In [None]:
!git clone https://github.com/imabeastdrew/Martydepth.git
%cd Martydepth

# Install the package in development mode
%pip install -e .

In [None]:
# Install dependencies
%pip install torch wandb tqdm pyyaml transformers


In [None]:
# Import required libraries
import torch
import torch.nn as nn
from torch.optim import Adam
from transformers import Adafactor
from pathlib import Path
import wandb
import yaml
import json
from tqdm.notebook import tqdm
import os
import sys

# Add project root to Python path
import sys
sys.path.append('.')

print(os.getcwd())

# Import project modules
from src.data.dataset import create_dataloader
from src.models.offline_teacher_t5 import T5OfflineTeacherModel
from src.config.tokenization_config import PAD_TOKEN
from src.training.utils.schedulers import get_warmup_schedule


In [None]:
# Load configuration
print(os.getcwd())
config_path = 'src/training/configs/offline_teacher_base.yaml'
with open(config_path, 'r') as f:
    config = yaml.safe_load(f)

# Set device
device = torch.device('cuda' if torch.cuda.is_available() else 'cpu')
print(f'Using device: {device}')

# Initialize wandb
run_name = f"offline_L{config['num_layers']}_H{config['num_heads']}_D{config['embed_dim']}_seq{config['max_sequence_length']}_bs{config['batch_size']}_lr{config['learning_rate']}"

wandb.init(
    project=config['wandb_project'],
    name=run_name,
    config=config,
    job_type="offline_training"
)

In [None]:
# Create dataloaders
train_loader, tokenizer_info = create_dataloader(
    data_dir=Path(config['data_dir']),
    split="train",
    batch_size=config['batch_size'],
    num_workers=config['num_workers'],
    sequence_length=config['max_sequence_length'],
    mode='offline',
    shuffle=True
)

val_loader, _ = create_dataloader(
    data_dir=Path(config['data_dir']),
    split="valid",
    batch_size=config['batch_size'],
    num_workers=config['num_workers'],
    sequence_length=config['max_sequence_length'],
    mode='offline',
    shuffle=False
)


In [None]:
# Display model information
print("=== T5 Offline Teacher Model Info ===")
model_info = model.get_model_info()
for key, value in model_info.items():
    print(f"  {key}: {value}")

print(f"\n=== Vocabulary Configuration ===")
print(f"  Melody vocab size: {melody_vocab_size}")
print(f"  Chord vocab size: {chord_vocab_size}")
print(f"  PAD token ID: {pad_token_id}")
print(f"  Tokenizer info - melody: {tokenizer_info['melody_vocab_size']}")
print(f"  Tokenizer info - chord: {tokenizer_info['chord_vocab_size']}")

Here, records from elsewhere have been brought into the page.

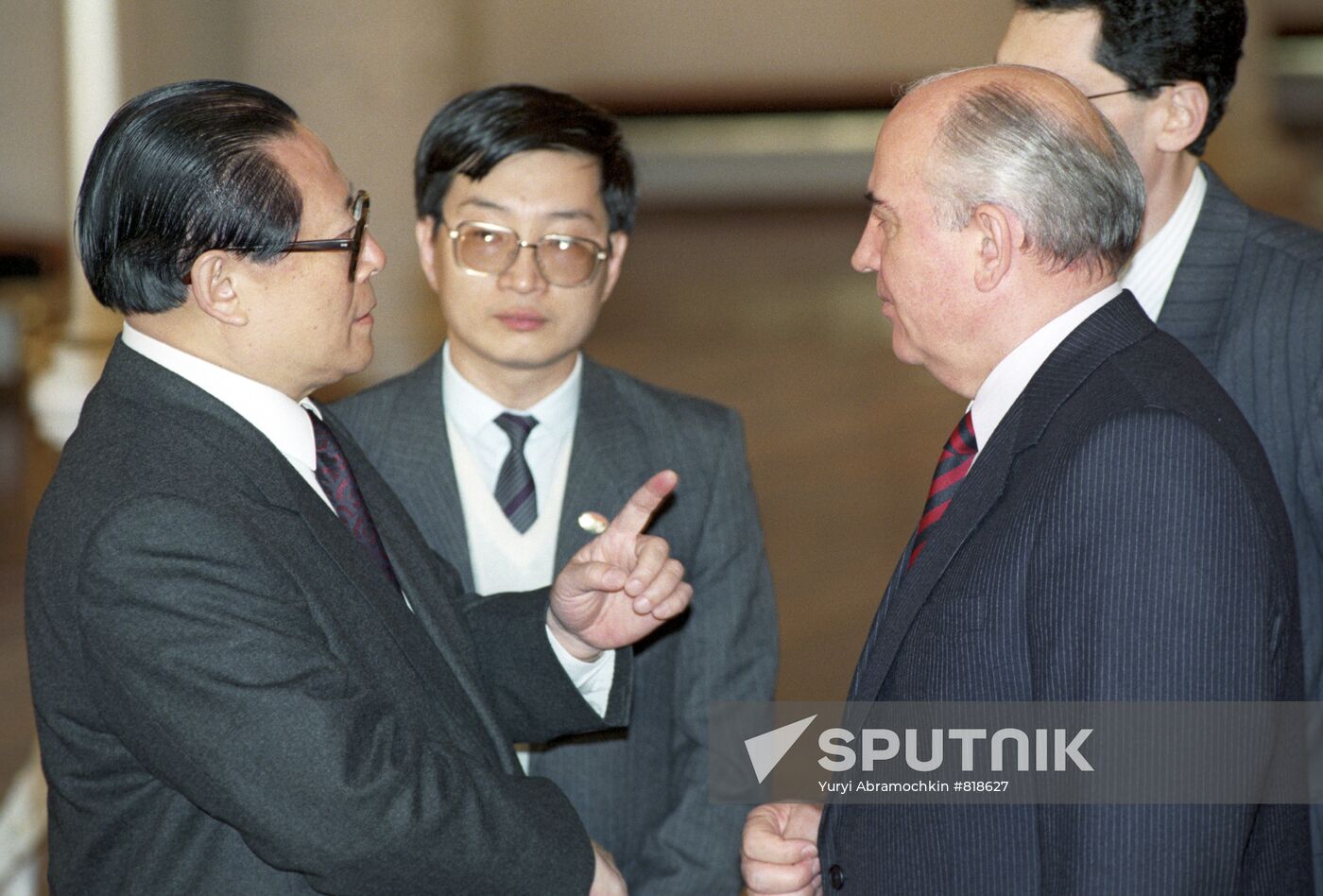 Mikhail Gorbachev, Jiang Zemin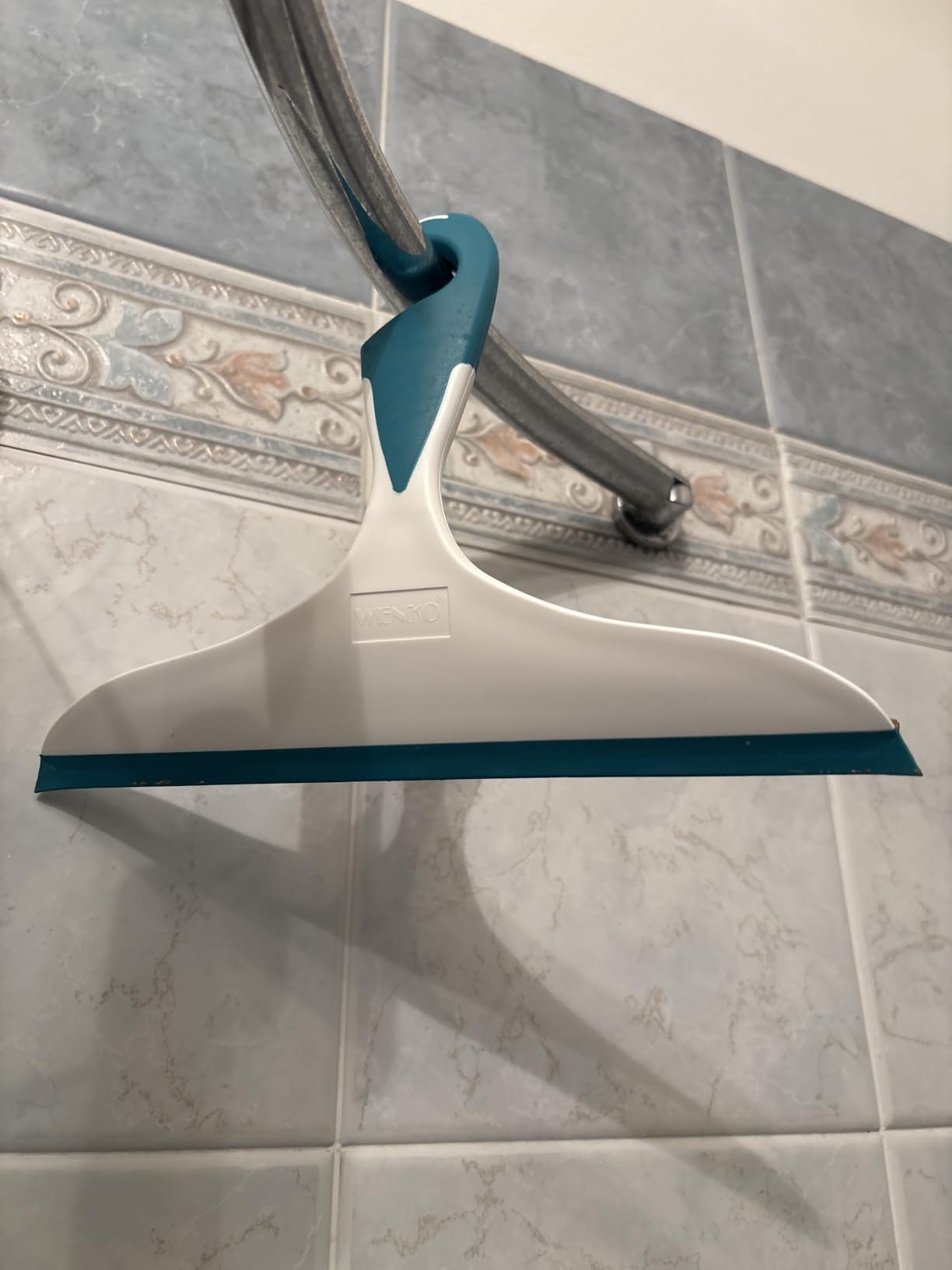 Wenko Loano Tergidoccia Vetro 23 cm Azzurro Bianco con Gancio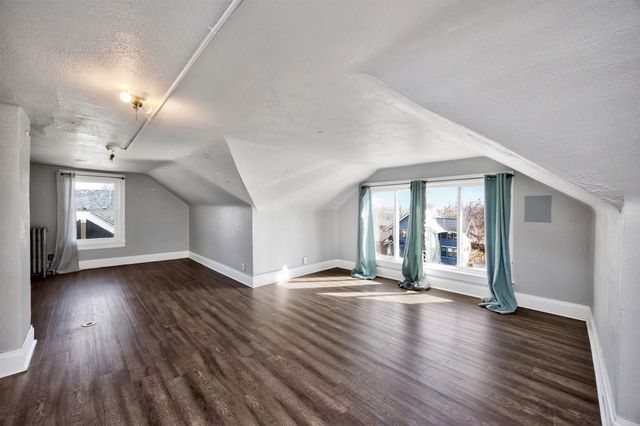 654 36th Street, Des Moines, IA 50312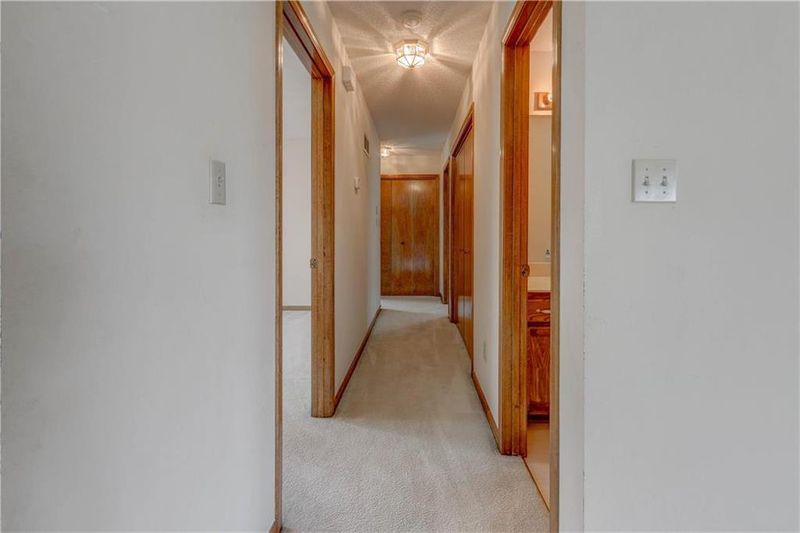 4729 Crane Ct, Kansas City, MO 64136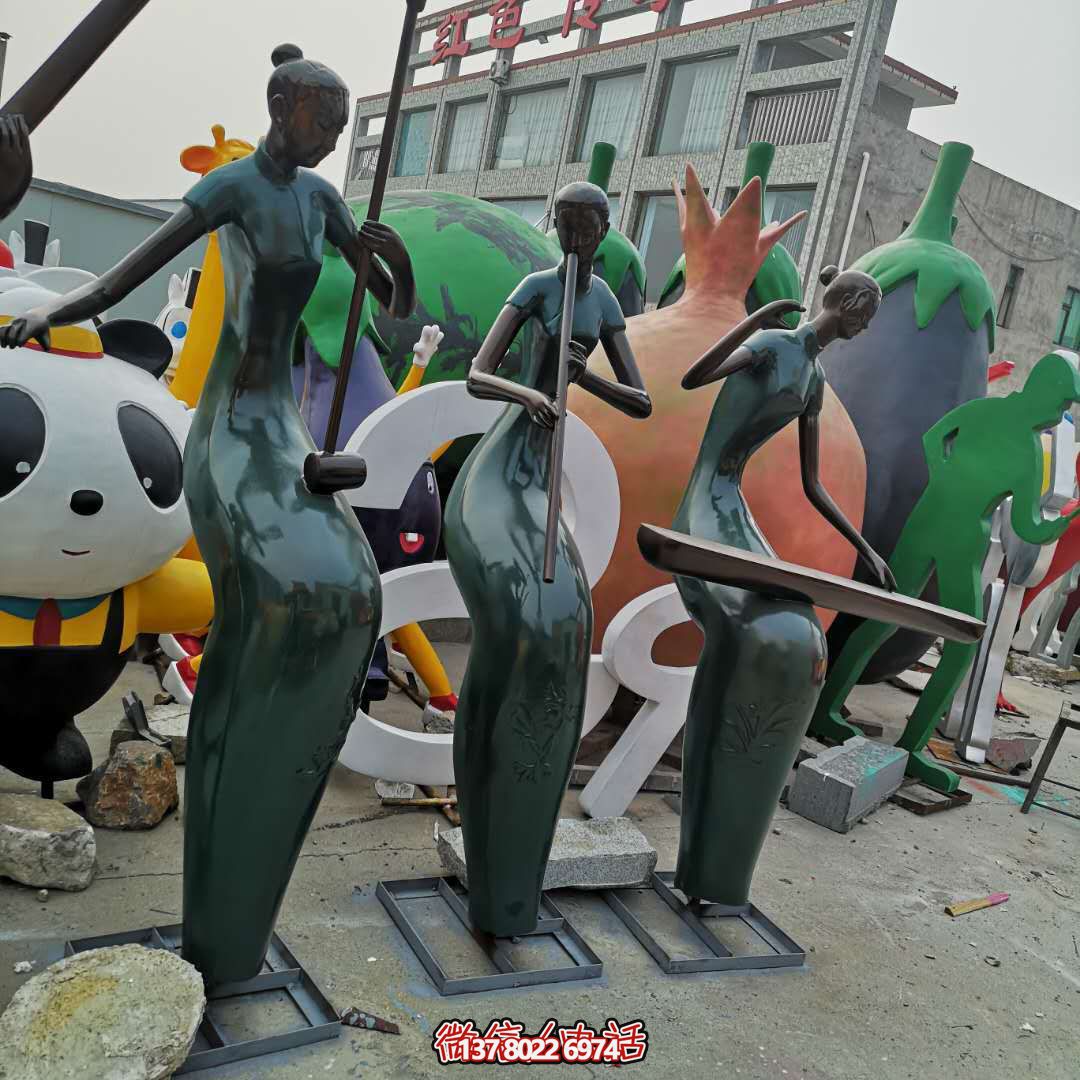 學(xué)院商場(chǎng)戶(hù)外演奏人物玻璃鋼雕塑 學(xué)院商場(chǎng)戶(hù)外演奏人物玻璃鋼雕塑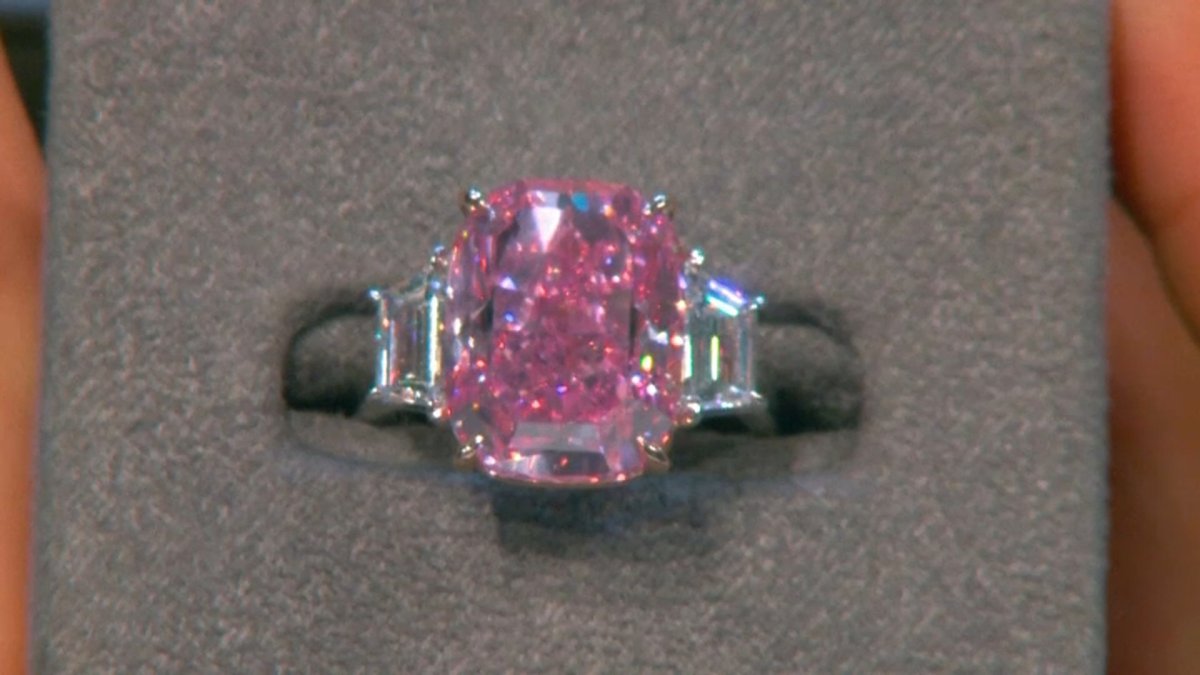 The pink diamond will be auctioned off in New York and could fetch more than $35 million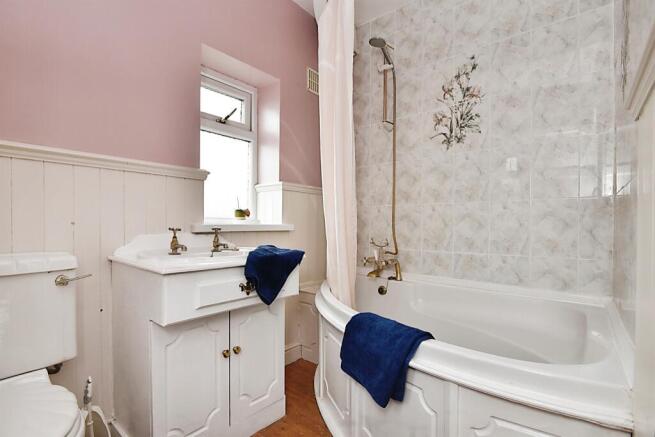Family Bathroom:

# Verify model can handle a forward pass
print(f"\n=== Testing Model Forward Pass ===")
sample_batch = next(iter(train_loader))
with torch.no_grad():
    melody_tokens = sample_batch['melody_tokens'][:2].to(device)  # Use small batch
    chord_input = sample_batch['chord_input'][:2].to(device)
    
    print(f"  Input shapes - Melody: {melody_tokens.shape}, Chord: {chord_input.shape}")
    print(f"  Token ranges - Melody: {melody_tokens.min()}-{melody_tokens.max()}, Chord: {chord_input.min()}-{chord_input.max()}")
    
    # Test forward pass
    logits = model(melody_tokens, chord_input)
    print(f"  Output shape: {logits.shape}")
    print(f"  ✅ Forward pass successful!")


In [None]:
# Initialize model, optimizer, criterion, and scheduler
# Use unified vocabulary approach - T5 handles all tokens in one embedding space
melody_vocab_size = tokenizer_info['melody_vocab_size'] 
chord_vocab_size = tokenizer_info['chord_vocab_size'] 
total_vocab_size = tokenizer_info.get('total_vocab_size', 4779)  # Unified vocabulary
pad_token_id = tokenizer_info.get('pad_token_id', PAD_TOKEN)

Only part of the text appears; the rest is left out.